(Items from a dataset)
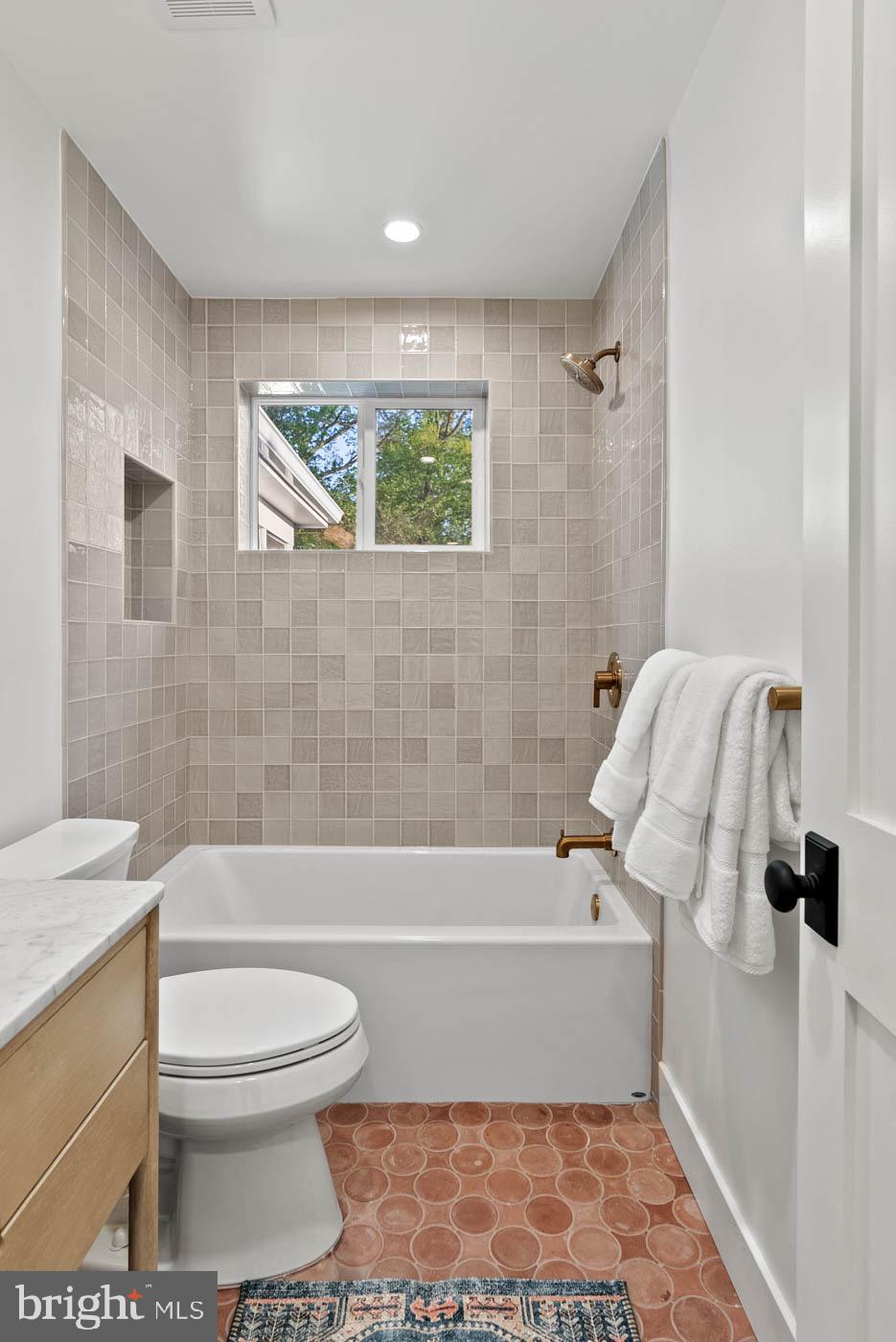 TAKOMA PARK - Residential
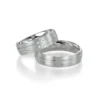 Alianzas de boda de plata con diamantes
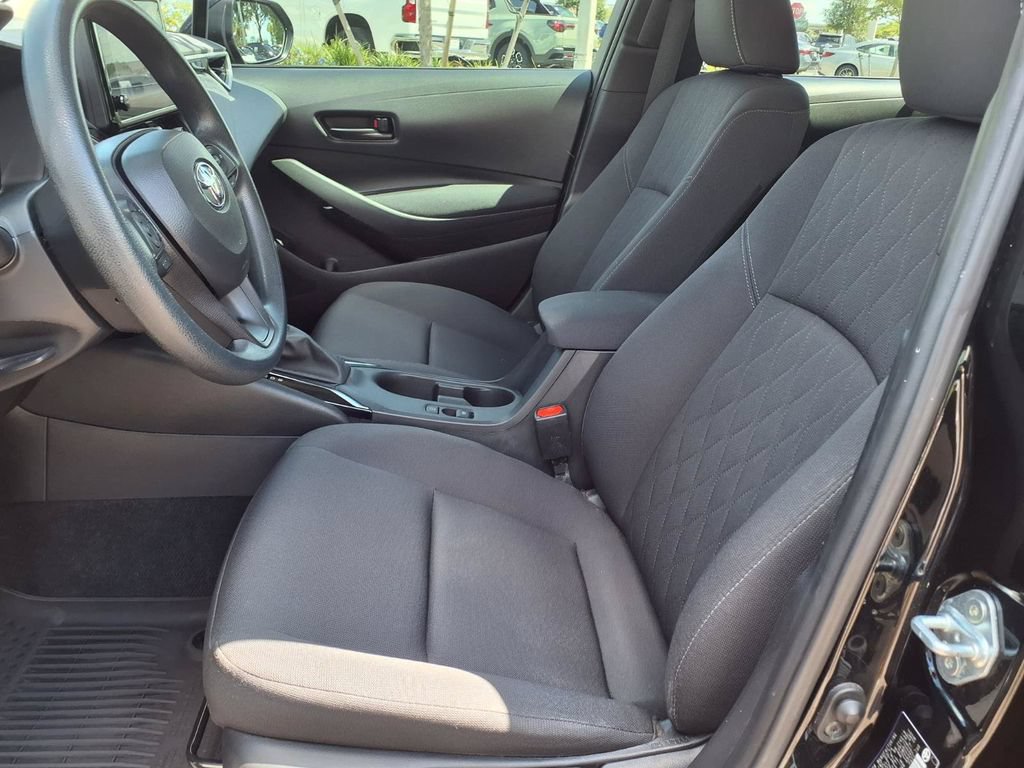Used 2024 Toyota Corolla LE FWD image 23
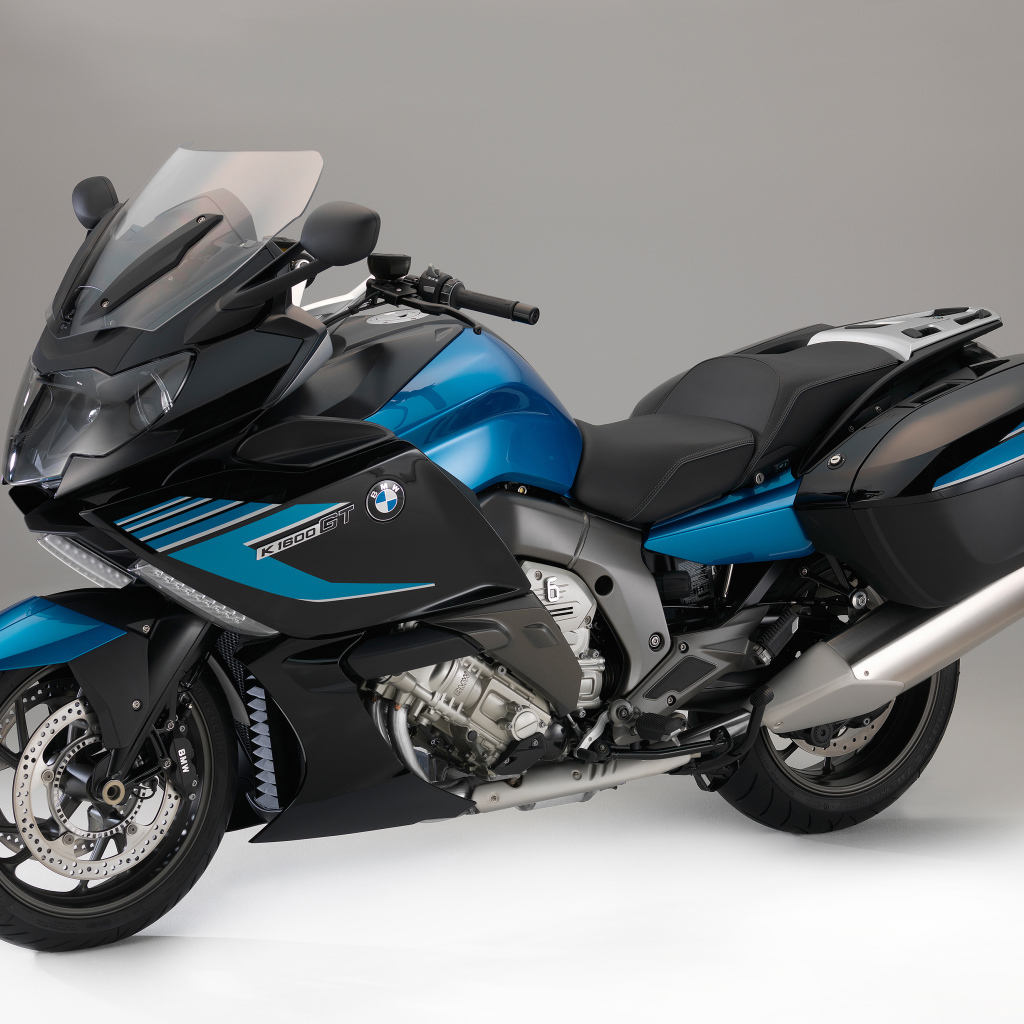 Спортивный мотоцикл BMW K1600GT на сером фоне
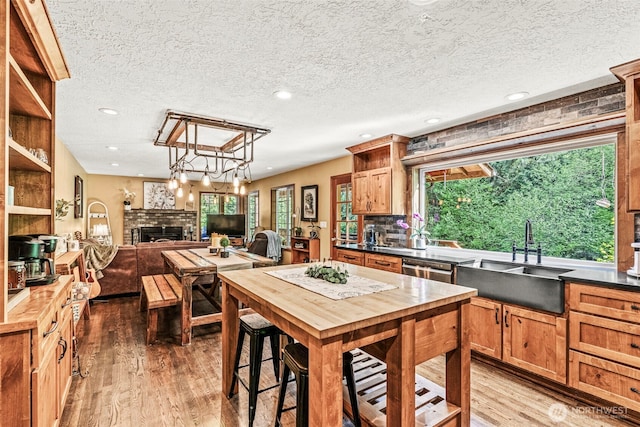 161 Mill Creek Rd, Longview, WA 98632 - kitchen featuring a sink, wooden counters, a fireplace, light wood-style flooring, and recessed lighting
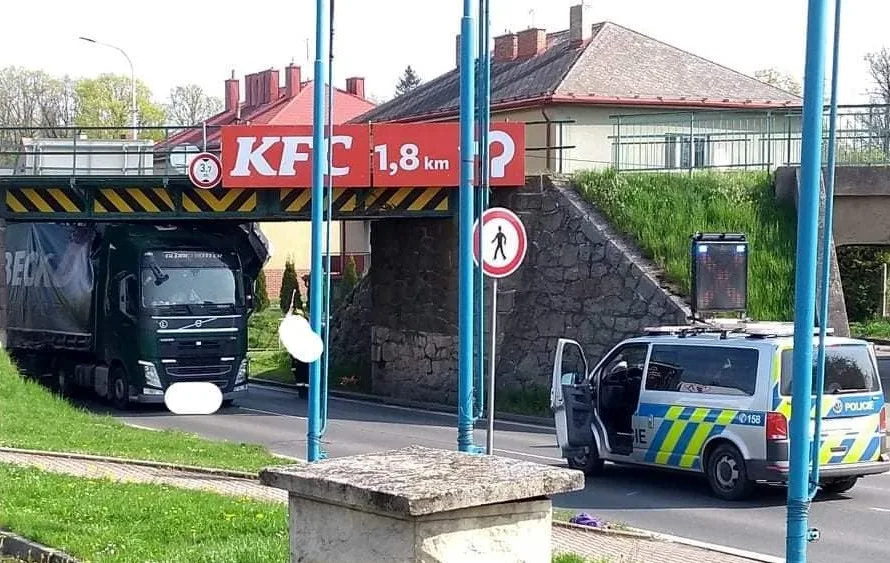 Pod proslulým viaduktem ztroskotaly už desítky nákladních automobilů, foto: FB Klatovští/ Petr Krisl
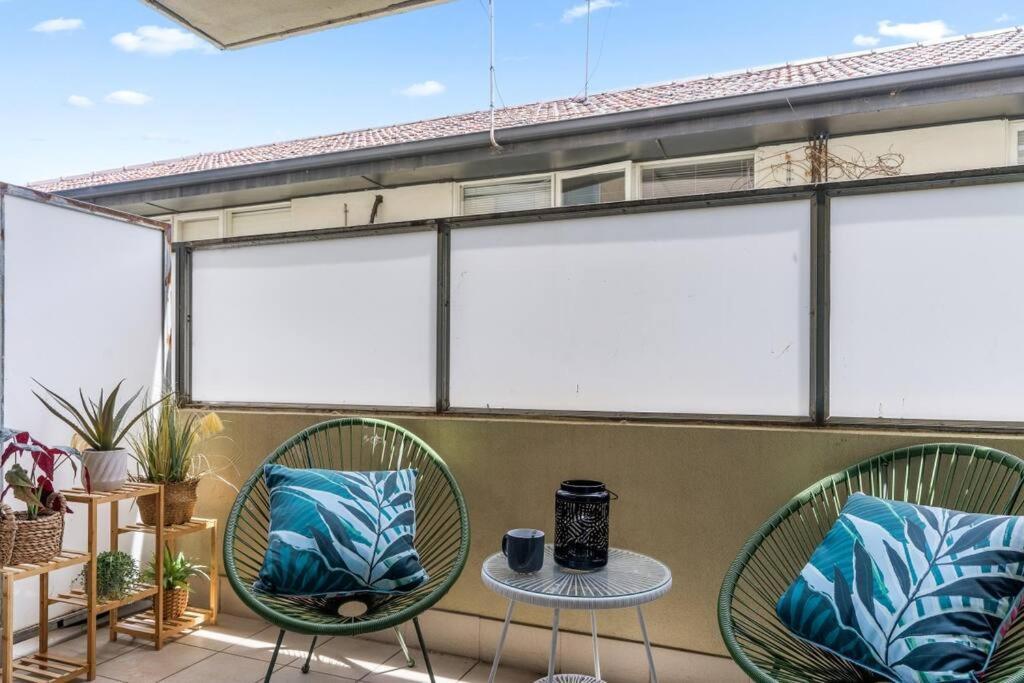Cozy 1 Bedder In St Kilda With Balcony Appartement Melbourne Buitenkant foto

**WHAT YOU NEED TO DO**: Your task is to restate every record word for word. Omit all pictures.

**RESULT OF THE TASK**:
 TAKOMA PARK - Residential
 Alianzas de boda de plata con diamantes
Used 2024 Toyota Corolla LE FWD image 23
 Спортивный мотоцикл BMW K1600GT на сером фоне
 161 Mill Creek Rd, Longview, WA 98632 - kitchen featuring a sink, wooden counters, a fireplace, light wood-style flooring, and recessed lighting
 Pod proslulým viaduktem ztroskotaly už desítky nákladních automobilů, foto: FB Klatovští/ Petr Krisl
Cozy 1 Bedder In St Kilda With Balcony Appartement Melbourne Buitenkant foto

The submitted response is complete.